Client gives full permission to use all content provided to the contractor under the terms of this agreement, including photos, videos, and all other content provided to the contractor.

9. Independent Contractor Status
The parties intend Contractor to be an independent contractor in the performance of the services. Contractor and Client agree to the following rights consistent with an independent contractor relationship.

Contractor will have the right to control and determine the methods and means of performing the contractual services. 
Contractor has the right to perform services for others during term of this Agreement.

Contractor has the right to hire assistants as subcontractors, or to use employees to provide the services required by this Agreement.

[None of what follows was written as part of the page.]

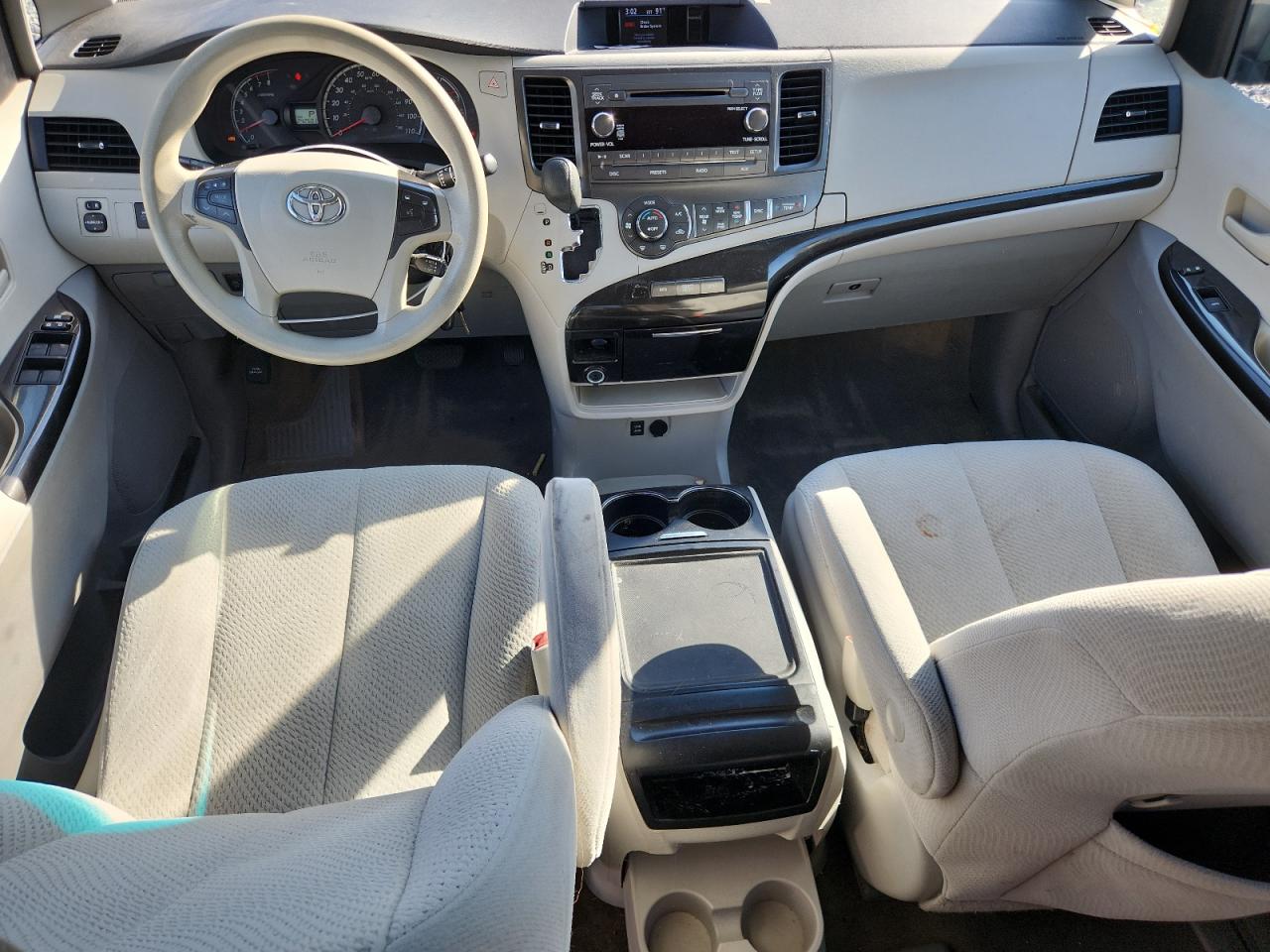 2014 Toyota Sienna Le VIN: 5TDKK3DC5ES485507 Lot: 84364315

Client shall not require Contractor or Contractor's employees or subcontractors to devote full time to performing the services required by this Agreement. 

10. Disputes
If a dispute arises, the parties will try in good faith to settle it through mediation conducted by a mediator to be mutually selected. The parties will share the costs of the mediator equally. Each party will cooperate fully and fairly with the mediator and will attempt to reach a mutually satisfactory compromise to the dispute. 

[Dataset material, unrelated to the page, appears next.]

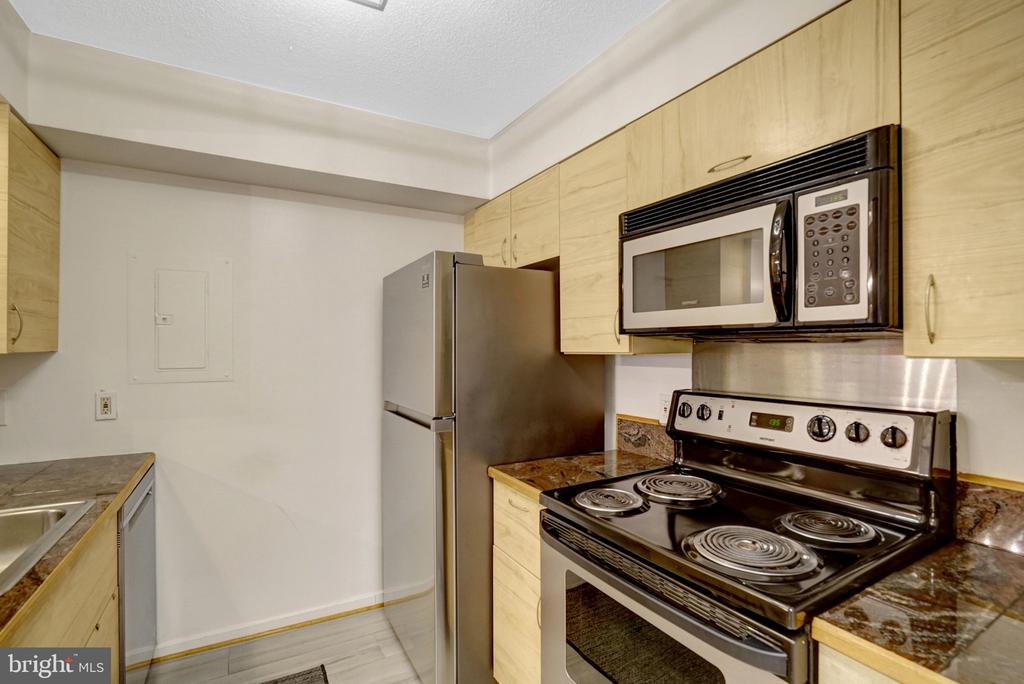 2111 WISCONSIN AVENUE NW Unit: 108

If the dispute is not resolved within 30 days after it is referred to the mediator, it will be arbitrated by an arbitrator to be mutually selected. Judgment on the arbitration award may be entered in any court that has jurisdiction over the matter. Costs of arbitration, including lawyer fees, will be allocated by the arbitrator. 

11. No Partnership
This Agreement does not create a partnership relationship. Neither party has authority to enter into contracts on the other's behalf.

12. Entire Agreement
This is the entire agreement between the parties. It replaces and supersedes any and all oral agreements between the parties, as well as any prior writings.

13. Successors and Assignees
This agreement binds and benefits the heirs, successors, and assignees of the parties.

14. Notices
All notices must be in writing. A notice may be delivered to a party at the address that follows a party's signature or to a new address that a party designates in writing. A notice may be delivered: 
  • In person 
  • By certified mail, or 
  • By overnight courier. 
15. Governing Law
This agreement will be governed by and construed in accordance with the laws of the state of Illinois.

16. Counterparts
The parties may sign several identical counterparts of this agreement. Any fully signed counterpart shall be treated as an original.

17. Modification
This agreement may be modified only by a writing signed by the party against whom such modification is sought to be enforced. 

18. Waiver
If one party waives any term or provision of this agreement at any time, that waiver will be effective only for the specific instance and specific purpose for which the waiver was given. If either party fails to exercise or delays exercising any of its rights or remedies under this agreement, that party retains the right to enforce that term or provision at a later time.

19. Severability
If any court determines that any provision of this agreement is invalid or unenforceable, any invalidity will affect only that provision, and will not make any other provision of this agreement invalid or unenforceable, and such provision shall be modified, amended, or limited only to the extent necessary to render it valid and enforceable.